Thoracoabdominal Aortic Aneurysms

Hazim J. Safi, Anthony L. Estrera, Charles C. Miller III, Kristofer M. Charlton-Ouw, Dianna Milewicz, and

Ali Azizzadeh

Key Points

1 Remarkable progress has been made in the surgical treatment of thoracoabdominal aortic aneurysms.

2 The decline in mortality and complication rates can be attributed to improvements in surgical

technique and perioperative care, particularly the adoption of adjunct distal aortic perfusion and

cerebrospinal fluid drainage.

3 Neurologic deficit is no longer a major threat to patients, as the use of adjuncts has lowered the

incidence for all thoracoabdominal aortic aneurysms to less than 2%.

4 Research that focuses on improving organ preservation, particularly for the most troublesome extent

II thoracoabdominal aortic aneurysms, must be continued.
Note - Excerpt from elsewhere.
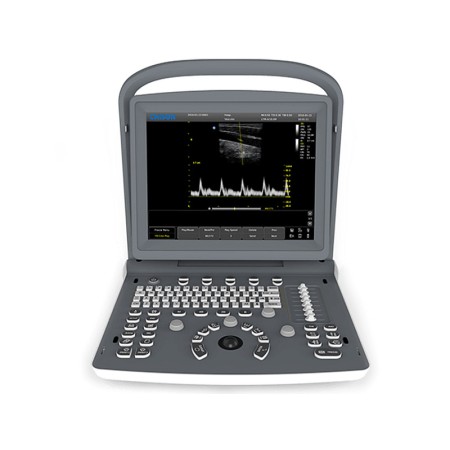 Ecografo chison eco2 b/n - 1 connettore sonda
1 Etheredge reported the first successful repair of a thoracoabdominal aortic aneurysm (TAAA) using a

homograft tube in 1955.1 A year later, DeBakey used a Dacron tube graft to replace the descending

thoracic aorta and infrarenal abdominal aorta.2 Subsequently, Crawford introduced what became known

as the clamp-and-go technique, encompassing three basic principles of aortic surgery: the inclusion

technique; use of a Dacron tube graft conduit; and reimplantation of visceral and renal arteries.3

Initially, the operation to repair TAAA had to be performed with haste in order to avoid extended

periods of organ ischemia. TAAA surgery has since been transformed with the use of adjuncts that

provide better organ protection and improved overall outcomes. However, sudden fatal rupture of a

TAAA remains a looming and unpredictable threat. Although emergency repair of ruptured TAAA can

save lives, the associated morbidity and mortality remain extremely high. Elective surgical repair of

TAAA is the only effective treatment for eradicating the risk of aneurysm rupture and improving patient

survival (Fig. 95-1). This chapter provides a comprehensive approach to the diagnosis and management

of TAAA as well as insight into the recent surgical results and advances in organ protection.

EPIDEMIOLOGY

Aortic aneurysm disease remains a significant cause of death in the United States. Improved imaging

techniques, increasing mean age of the population, and overall heightened awareness all contribute to

an apparent increase in the prevalence of aortic aneurysms. However, the incidence of TAAA from

population studies of the thoracic or abdominal aortic aneurysms can only be inferred. Infrarenal

abdominal aortic aneurysms occur three to seven times more frequently than thoracic aortic aneurysms.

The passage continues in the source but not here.